Si usted lee elcatalán.es seguramente entenderá la importancia de la inhabilitación del diputado del Parlament de Cataluña, Pau Juvillà, por desobediencia. En abril de 2019, tras una denuncia que interpuse, la Junta Electoral instó a los grupos separatistas del ayuntamiento de Lleida a retirar los lazos amarillos que tenían en el consistorio durante el periodo electoral, con el fin de mantener la neutralidad ideológica de cualquier edificio institucional. Sin embargo, el señor Juvillà, jaleado por el resto de la CUP, decidió que estaba por encima de eso y que no tenía por qué acatar esa decisión.

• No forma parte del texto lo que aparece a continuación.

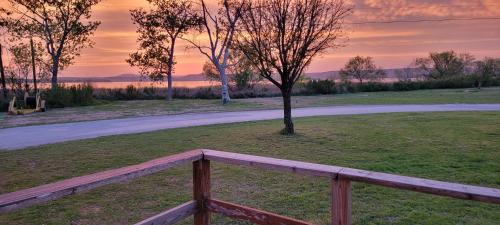 Graford Resort | Willow Beach RV Park & Marina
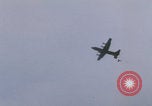 Standbild Khe Sanh Fracht Fallschirmabwurf Vietnam Krieg Khe Sanh Vietnam, 1968, aus Sekunde 3 historischem Filmmaterial Videoclip 65675079753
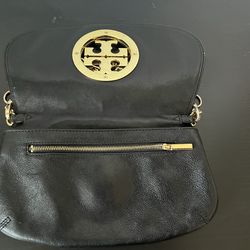 Tory Burch Black Leather Purse with Gold Logo Medallion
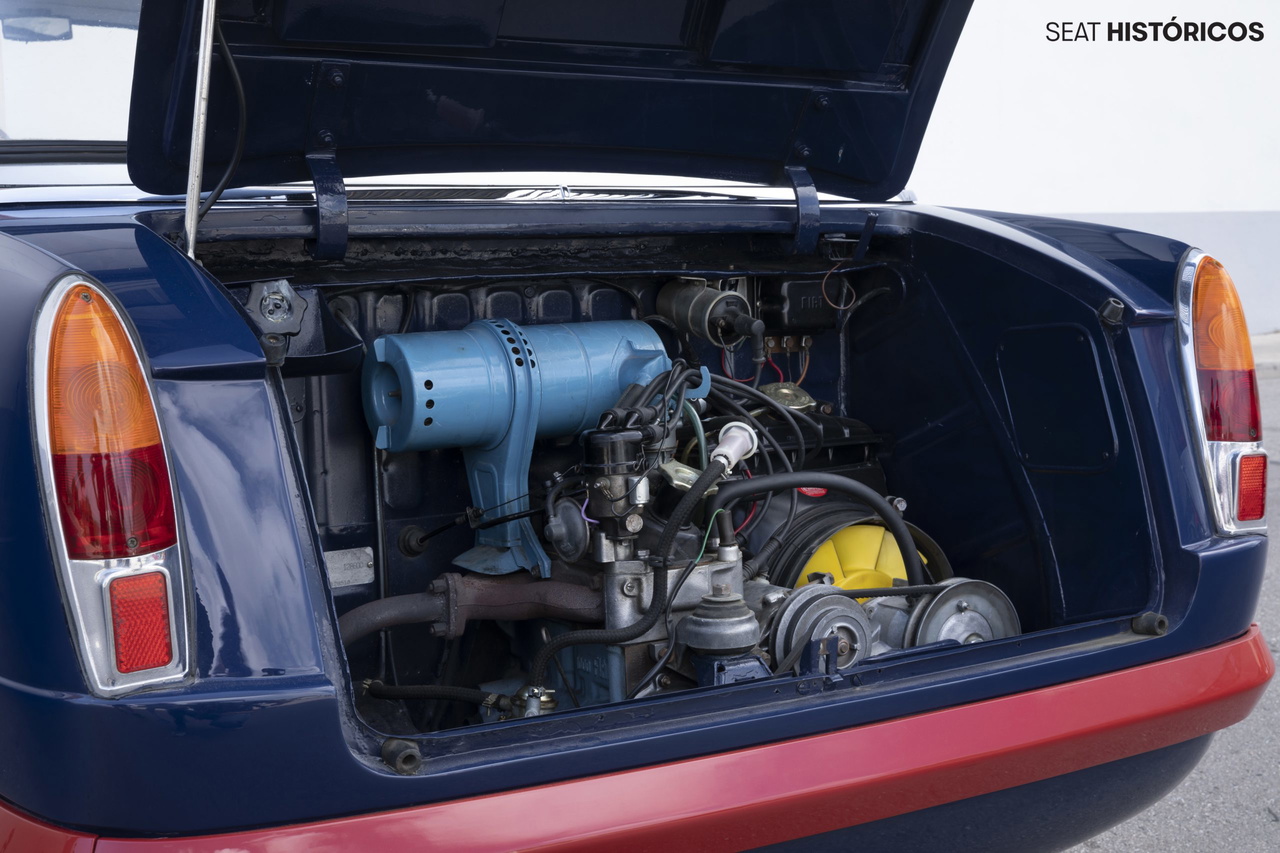 Vista del motor del Seat 600 más raro, que destaca por su diseño inusual.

Es una historia que nos resulta familiar. Convivimos con personas que llevan toda la vida creyéndose superiores, ya sea porque tienen ocho apellidos catalanes o porque creen estar en posesión de la verdad absoluta en forma de ideología. Y eso les da derecho a todo. A decir quiénes somos buenos o malos catalanes. A decidir quiénes debemos ser insultados, agredidos y amenazados. A usar el dinero público en su propio beneficio, ya sea creando sus propios chiringuitos o ofendiéndonos en medios públicos que pagamos entre todos. A iniciar un proceso de independencia de pandereta basado en mentiras y sin ningún tipo de garantía democrática.
Son quienes nos han ninguneado y despreciado en todas las elecciones que se han celebrado. Quienes miran para otro lado cuando se hacen purgas políticas en los medios de comunicación, la policía o la administración pública. Quienes berrean y patalean indignados cuando una sentencia les obliga a ofrecer el 25% de las clases en la otra lengua cooficial, que es el castellano.
Frente a esos “buenos catalanes” quedamos el resto: los botiflers, traidores, colonos… “Malos catalanes” en el mejor de los casos y catalanes de segunda a la práctica. Una mayoría silenciada sistemáticamente por esta fracción de la sociedad catalana que camina por encima de las aguas. Pero aunque nuestras voces tengan altavoces más modestos (y, por ello, mucho más valientes) y nuestro gobierno central prefiera a los separatistas como socios preferentes, seguimos contando con otra herramienta: la Ley. Seguimos viviendo en un Estado social y democrático de Derecho, y eso implica que todavía contamos con una separación de poderes. De este modo, esta casta superior con la que convivimos no lo controla todo, y por tanto sigue estando obligada a cumplir la ley.
Es por eso que la justicia y el Rey son el blanco principal de las iras separatistas. Porque no pueden pasar por encima de ellos como lo hacen habitualmente con nosotros. Por eso es tan importante seguir desempeñando el papel que hacemos todos frente al separatismo. Cada uno en la medida de nuestras posibilidades. Los ciudadanos de a pie debemos seguir atentos y sin resignarnos, organizándonos en partidos, movimientos y asociaciones.
O simplemente yendo a votar en las distintas elecciones que se celebren. Los medios de comunicación deben seguir denunciando cada tropelía secesionista: es necesario conocer todas y cada una de las fechorías de estos desgobernantes instalados en la Generalitat y, en mi caso, en el Ayuntamiento de Lleida, para que la ciudadanía los eche a base de votos en las próximas elecciones. Y hay que denunciar todo acto que sea constitutivo de delito. Para que así la Justicia pueda actuar frente aquellos que se creen por encima del bien y del mal. Yo, por mi parte, lo volveré a hacer. Si detecto irregularidades, volveré a denunciar ante la justicia a aquellos que creen que el ayuntamiento, Lleida, Cataluña o España son su cortijo particular, y pueden hacer con ellos lo que les dé la gana. Porque se creerán superiores, pero como cualquier otro español, continúan siendo iguales ante la ley.